Collected data
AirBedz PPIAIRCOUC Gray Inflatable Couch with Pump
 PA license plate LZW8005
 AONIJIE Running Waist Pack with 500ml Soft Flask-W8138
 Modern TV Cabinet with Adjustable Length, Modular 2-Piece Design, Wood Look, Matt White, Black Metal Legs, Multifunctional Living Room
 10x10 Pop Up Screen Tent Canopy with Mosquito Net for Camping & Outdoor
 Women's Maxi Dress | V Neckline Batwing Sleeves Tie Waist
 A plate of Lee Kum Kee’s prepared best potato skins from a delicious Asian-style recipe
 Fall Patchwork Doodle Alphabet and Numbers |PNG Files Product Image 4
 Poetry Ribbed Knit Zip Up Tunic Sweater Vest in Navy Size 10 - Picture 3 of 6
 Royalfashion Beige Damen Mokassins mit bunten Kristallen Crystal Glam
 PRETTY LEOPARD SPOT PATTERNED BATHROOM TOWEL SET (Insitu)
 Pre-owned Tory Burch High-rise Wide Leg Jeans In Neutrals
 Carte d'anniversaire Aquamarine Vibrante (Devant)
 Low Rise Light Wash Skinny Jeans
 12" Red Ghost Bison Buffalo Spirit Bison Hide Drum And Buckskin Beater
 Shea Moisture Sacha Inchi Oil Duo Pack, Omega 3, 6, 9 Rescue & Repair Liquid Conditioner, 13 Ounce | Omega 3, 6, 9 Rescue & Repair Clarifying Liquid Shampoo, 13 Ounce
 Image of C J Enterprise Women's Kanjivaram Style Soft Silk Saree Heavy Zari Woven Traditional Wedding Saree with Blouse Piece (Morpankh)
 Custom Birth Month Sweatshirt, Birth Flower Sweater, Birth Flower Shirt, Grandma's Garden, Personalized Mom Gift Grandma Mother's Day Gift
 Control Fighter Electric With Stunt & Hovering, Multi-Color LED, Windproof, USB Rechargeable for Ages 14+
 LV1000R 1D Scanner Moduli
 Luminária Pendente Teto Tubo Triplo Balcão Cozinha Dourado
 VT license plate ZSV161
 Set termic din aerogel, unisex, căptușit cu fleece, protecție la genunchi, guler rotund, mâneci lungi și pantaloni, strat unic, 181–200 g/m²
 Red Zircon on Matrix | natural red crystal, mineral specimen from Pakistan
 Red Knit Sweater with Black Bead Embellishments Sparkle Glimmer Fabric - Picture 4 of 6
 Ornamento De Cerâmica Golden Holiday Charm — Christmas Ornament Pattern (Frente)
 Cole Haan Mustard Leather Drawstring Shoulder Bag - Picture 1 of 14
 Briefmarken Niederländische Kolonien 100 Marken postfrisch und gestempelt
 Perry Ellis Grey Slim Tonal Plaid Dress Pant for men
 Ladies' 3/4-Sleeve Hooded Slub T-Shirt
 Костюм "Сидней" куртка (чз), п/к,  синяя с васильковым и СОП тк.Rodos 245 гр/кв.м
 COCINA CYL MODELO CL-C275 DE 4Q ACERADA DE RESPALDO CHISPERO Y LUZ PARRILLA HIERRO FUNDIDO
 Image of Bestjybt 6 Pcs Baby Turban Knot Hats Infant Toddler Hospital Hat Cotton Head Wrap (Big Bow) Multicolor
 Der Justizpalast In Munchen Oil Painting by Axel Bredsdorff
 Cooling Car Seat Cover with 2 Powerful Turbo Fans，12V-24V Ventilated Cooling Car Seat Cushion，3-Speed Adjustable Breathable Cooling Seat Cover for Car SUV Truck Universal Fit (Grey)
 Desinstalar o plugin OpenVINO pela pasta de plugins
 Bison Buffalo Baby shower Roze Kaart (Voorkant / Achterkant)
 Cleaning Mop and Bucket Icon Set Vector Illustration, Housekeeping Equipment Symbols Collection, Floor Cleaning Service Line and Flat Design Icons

#### WHAT IS EXPECTED
Reproduce each entry precisely, so that nothing differs from the original.

#### REPLY TO THE TASK
AirBedz PPIAIRCOUC Gray Inflatable Couch with Pump
 PA license plate LZW8005
 AONIJIE Running Waist Pack with 500ml Soft Flask-W8138
 Modern TV Cabinet with Adjustable Length, Modular 2-Piece Design, Wood Look, Matt White, Black Metal Legs, Multifunctional Living Room
 10x10 Pop Up Screen Tent Canopy with Mosquito Net for Camping & Outdoor
 Women's Maxi Dress | V Neckline Batwing Sleeves Tie Waist
 A plate of Lee Kum Kee’s prepared best potato skins from a delicious Asian-style recipe
 Fall Patchwork Doodle Alphabet and Numbers |PNG Files Product Image 4
 Poetry Ribbed Knit Zip Up Tunic Sweater Vest in Navy Size 10 - Picture 3 of 6
 Royalfashion Beige Damen Mokassins mit bunten Kristallen Crystal Glam
 PRETTY LEOPARD SPOT PATTERNED BATHROOM TOWEL SET (Insitu)
 Pre-owned Tory Burch High-rise Wide Leg Jeans In Neutrals
 Carte d'anniversaire Aquamarine Vibrante (Devant)
 Low Rise Light Wash Skinny Jeans
 12" Red Ghost Bison Buffalo Spirit Bison Hide Drum And Buckskin Beater
 Shea Moisture Sacha Inchi Oil Duo Pack, Omega 3, 6, 9 Rescue & Repair Liquid Conditioner, 13 Ounce | Omega 3, 6, 9 Rescue & Repair Clarifying Liquid Shampoo, 13 Ounce
 Image of C J Enterprise Women's Kanjivaram Style Soft Silk Saree Heavy Zari Woven Traditional Wedding Saree with Blouse Piece (Morpankh)
 Custom Birth Month Sweatshirt, Birth Flower Sweater, Birth Flower Shirt, Grandma's Garden, Personalized Mom Gift Grandma Mother's Day Gift
 Control Fighter Electric With Stunt & Hovering, Multi-Color LED, Windproof, USB Rechargeable for Ages 14+
 LV1000R 1D Scanner Moduli
 Luminária Pendente Teto Tubo Triplo Balcão Cozinha Dourado
 VT license plate ZSV161
 Set termic din aerogel, unisex, căptușit cu fleece, protecție la genunchi, guler rotund, mâneci lungi și pantaloni, strat unic, 181–200 g/m²
 Red Zircon on Matrix | natural red crystal, mineral specimen from Pakistan
 Red Knit Sweater with Black Bead Embellishments Sparkle Glimmer Fabric - Picture 4 of 6
 Ornamento De Cerâmica Golden Holiday Charm — Christmas Ornament Pattern (Frente)
 Cole Haan Mustard Leather Drawstring Shoulder Bag - Picture 1 of 14
 Briefmarken Niederländische Kolonien 100 Marken postfrisch und gestempelt
 Perry Ellis Grey Slim Tonal Plaid Dress Pant for men
 Ladies' 3/4-Sleeve Hooded Slub T-Shirt
 Костюм "Сидней" куртка (чз), п/к,  синяя с васильковым и СОП тк.Rodos 245 гр/кв.м
 COCINA CYL MODELO CL-C275 DE 4Q ACERADA DE RESPALDO CHISPERO Y LUZ PARRILLA HIERRO FUNDIDO
 Image of Bestjybt 6 Pcs Baby Turban Knot Hats Infant Toddler Hospital Hat Cotton Head Wrap (Big Bow) Multicolor
 Der Justizpalast In Munchen Oil Painting by Axel Bredsdorff
 Cooling Car Seat Cover with 2 Powerful Turbo Fans，12V-24V Ventilated Cooling Car Seat Cushion，3-Speed Adjustable Breathable Cooling Seat Cover for Car SUV Truck Universal Fit (Grey)
 Desinstalar o plugin OpenVINO pela pasta de plugins
 Bison Buffalo Baby shower Roze Kaart (Voorkant / Achterkant)
 Cleaning Mop and Bucket Icon Set Vector Illustration, Housekeeping Equipment Symbols Collection, Floor Cleaning Service Line and Flat Design Icons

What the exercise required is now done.